The West Virginia Board of Education voted Wednesday to pass a resolution strongly opposing a bill - up for amendments and a possible final vote in the Legislature Thursday - that would require schools to stop administering the current statewide Smarter Balanced end-of-year test.
In an abnormal move, the resolution was adopted through an item that didn't appear on the state school board's publicly posted agenda. It was added during the meeting through a motion board member Lloyd Jackson made and other board members agreed to.
Jackson presented it as an "emergency amendment, due to circumstances of imminent substantial harm" to the board, the education department, their employees, teachers, students and others.
When the Legislature was pushing a bill last year to repeal West Virginia's math and English standards, the board also called an emergency meeting to pass a resolution opposing it.
Wednesday's resolution says House Bill 4014 attempts to "usurp authority traditionally and appropriately exercised" by the state school board, including the authority over which tests are "appropriate to measure the success of students."
It also criticizes the legislation's apparent intent to require the state, without specifically saying so in the bill, to force adoption of ACT Aspire tests for most grades and the traditional ACT for high school juniors.
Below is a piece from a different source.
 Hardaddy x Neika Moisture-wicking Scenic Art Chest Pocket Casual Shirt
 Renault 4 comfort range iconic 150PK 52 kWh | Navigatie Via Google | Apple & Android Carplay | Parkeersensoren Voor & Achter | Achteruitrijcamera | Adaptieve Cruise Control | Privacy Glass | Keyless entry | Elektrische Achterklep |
It says the bill "rigs the system" to limit the choice for Smarter Balanced's replacement to only ACT's offerings, and says at least two ACT lobbyists have been involved with HB 4014's consideration.
Delegate Roy Cooper, R-Summers, previously said he believed every member of the House Education Committee had talks with ACT representatives.
"Never in the history of public education in West Virginia has the State Board effectively been limited by the legislature to selection of a vendor in such an important area of our education and accountability system," the resolution states.
Only board member Tom Campbell, a former delegate, voted against the resolution, saying he believes the Legislature has the right to do what it's doing and that he agrees with the amended version of the bill.
New board member Scott Rotruck wasn't in attendance for the vote.
"We have the Legislature making some suggestions, some constructive things that I think we should be discussing, but instead we stonewall," Campbell said.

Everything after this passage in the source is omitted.